* **Recorded information**:
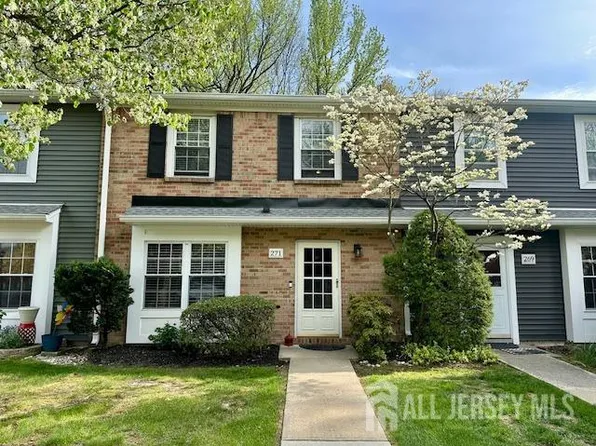 271 Constitution Cir, North Brunswick, NJ 08902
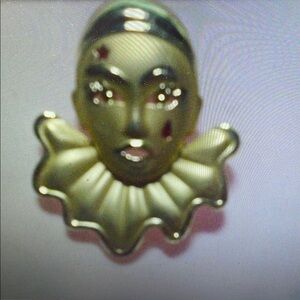 Elegant Gold and Cream Brooch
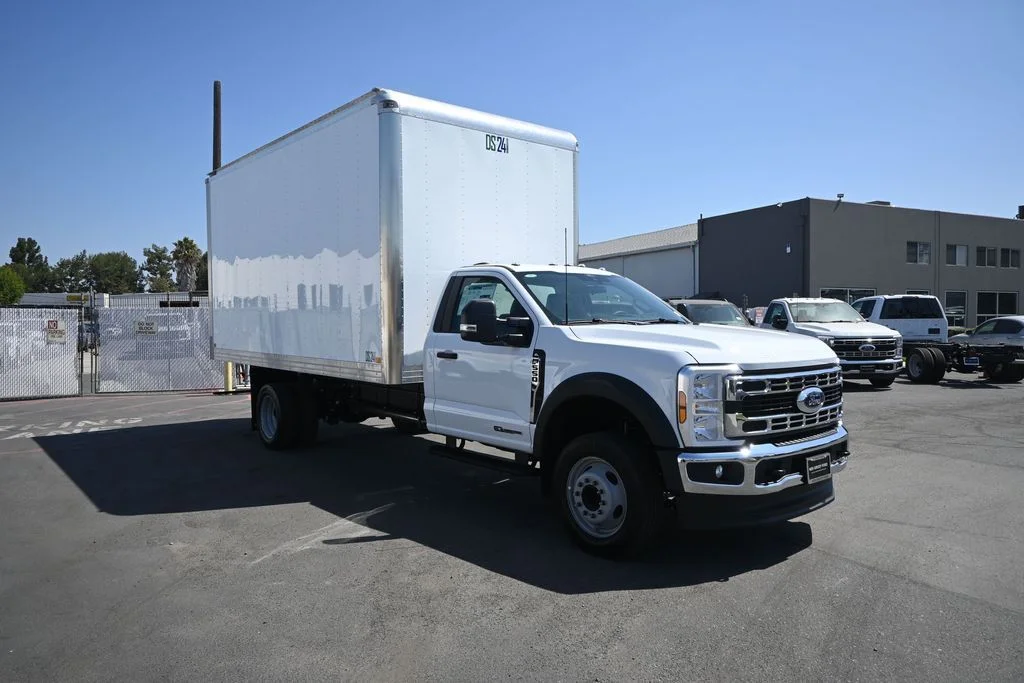 New 2026 White Ford XL image 1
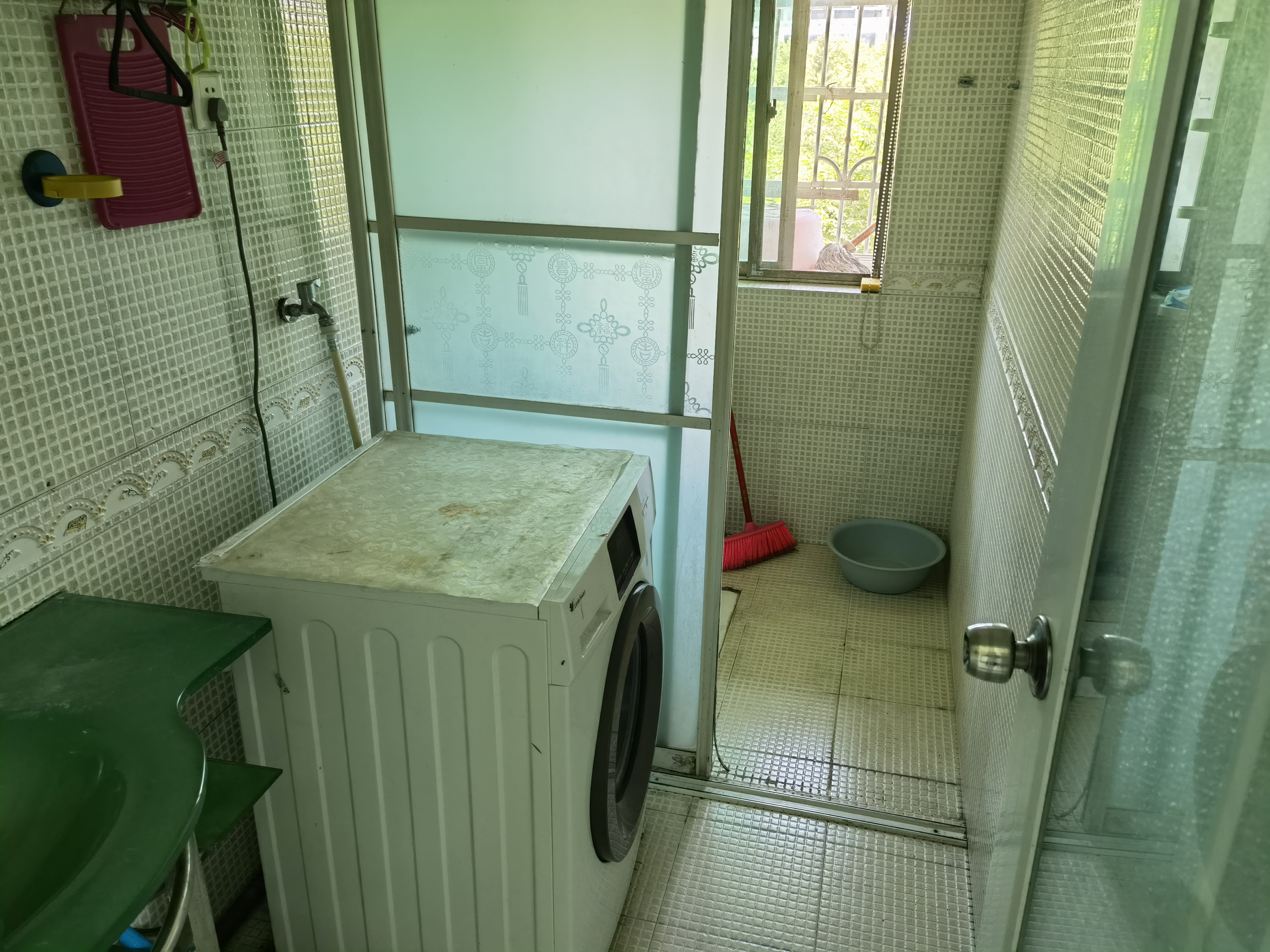 香草园  3室2厅2卫    1500.0元/月 香草园  3室2厅2卫    1500.0元/月室内图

* **Problem requirements**:
Reproduce the lines above letter for letter. The pictures stay behind.

* **Task response**:
 271 Constitution Cir, North Brunswick, NJ 08902
 Elegant Gold and Cream Brooch
 New 2026 White Ford XL image 1
 香草园  3室2厅2卫    1500.0元/月 香草园  3室2厅2卫    1500.0元/月室内图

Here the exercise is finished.